We argue that predictions of a 'tsunami' of mental health problems as a consequence of the pandemic of coronavirus disease 2019 (COVID-19) and the lockdown are overstated; feelings of anxiety and sadness are entirely normal reactions to difficult circumstances, not symptoms of poor mental health. Some people will need specialised mental health support, especially those already leading tough lives; we need immediate reversal of years of underfunding of community mental health services. However, the disproportionate effects of COVID-19 on the most disadvantaged, especially BAME people placed at risk by their social and economic conditions, were entirely predictable. Mental health is best ensured by urgently rebuilding the social and economic supports stripped away over the last decade. Governments must pump funds into local authorities to rebuild community services, peer support, mutual aid and local community and voluntary sector organisations. Health care organisations must tackle racism and discrimination to ensure genuine equal access to universal health care. Government must replace highly conditional benefit systems by something like a universal basic income. All economic and social policies must be subjected to a legally binding mental health audit. This may sound unfeasibly expensive, but the social and economic costs, not to mention the costs in personal and community suffering, though often invisible, are far greater.

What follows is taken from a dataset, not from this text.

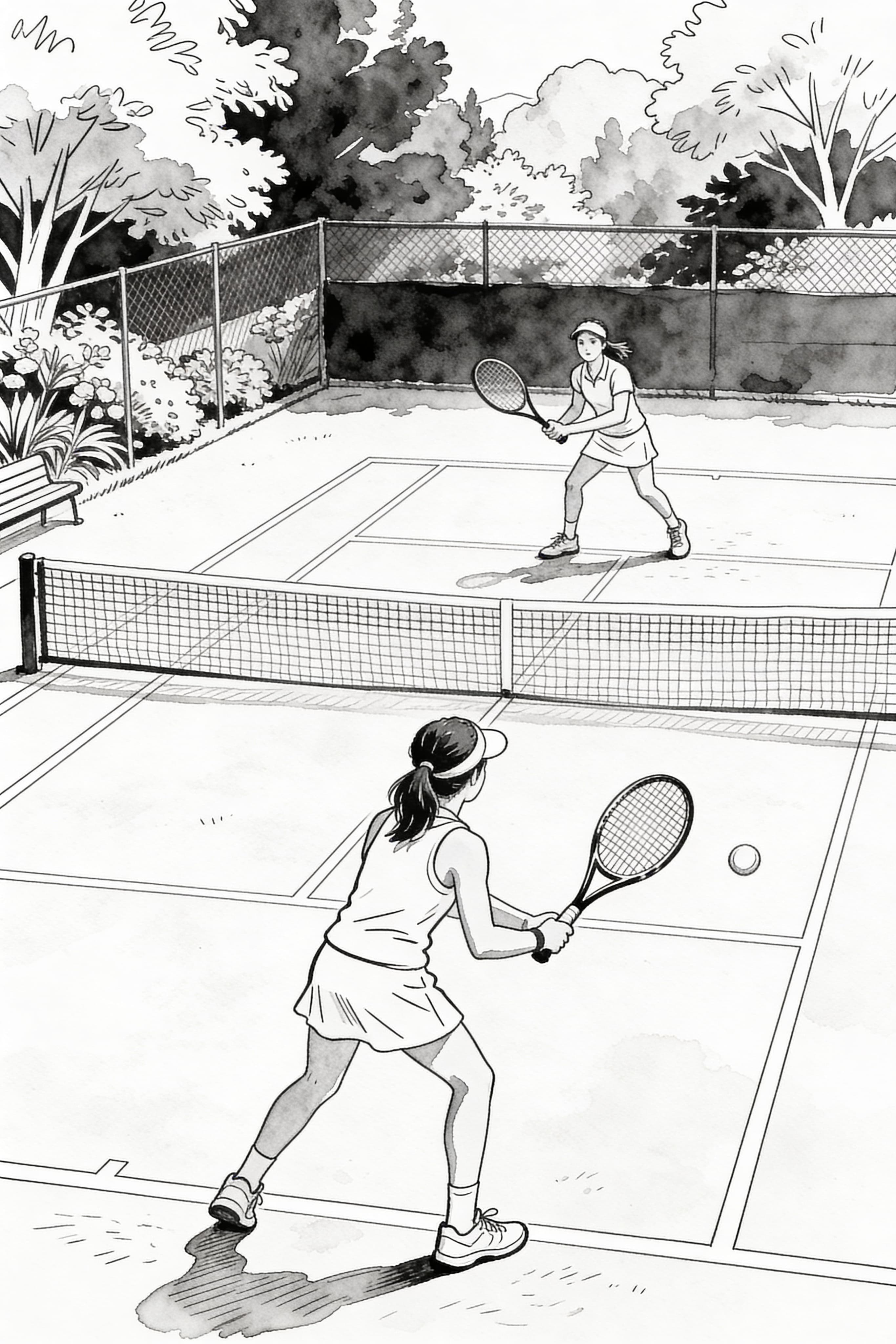 Watercolor outline of a tennis match between friends on a nature-surrounded court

我们认为,将2019年冠状病毒病(COVID-19)大流行及封锁导致心理健康问题“海啸”的预测夸大了;焦虑和悲伤情绪是对艰难处境的完全正常反应,而非心理健康不佳的症状。有些人将需要专门的心理健康支持,尤其是那些已经过着艰难生活的人;我们需要立即扭转社区心理健康服务多年资金不足的状况。然而,COVID-19对最弱势群体,尤其是因社会和经济状况而面临风险的黑人和少数族裔人群产生的不成比例影响,是完全可以预见的。通过紧急重建过去十年被剥夺的社会和经济支持,才能最好地确保心理健康。政府必须向地方当局注入资金,以重建社区服务、同伴支持、互助以及地方社区和志愿部门组织。医疗保健机构必须解决种族主义和歧视问题,以确保真正平等地获得全民医疗保健。政府必须用类似普遍基本收入的东西取代高度有条件的福利制度。所有经济和社会政策都必须接受具有法律约束力的心理健康审查。这听起来可能成本高得令人难以承受,但社会和经济成本,更不用说个人和社区遭受的痛苦成本,尽管往往无形,却要大得多。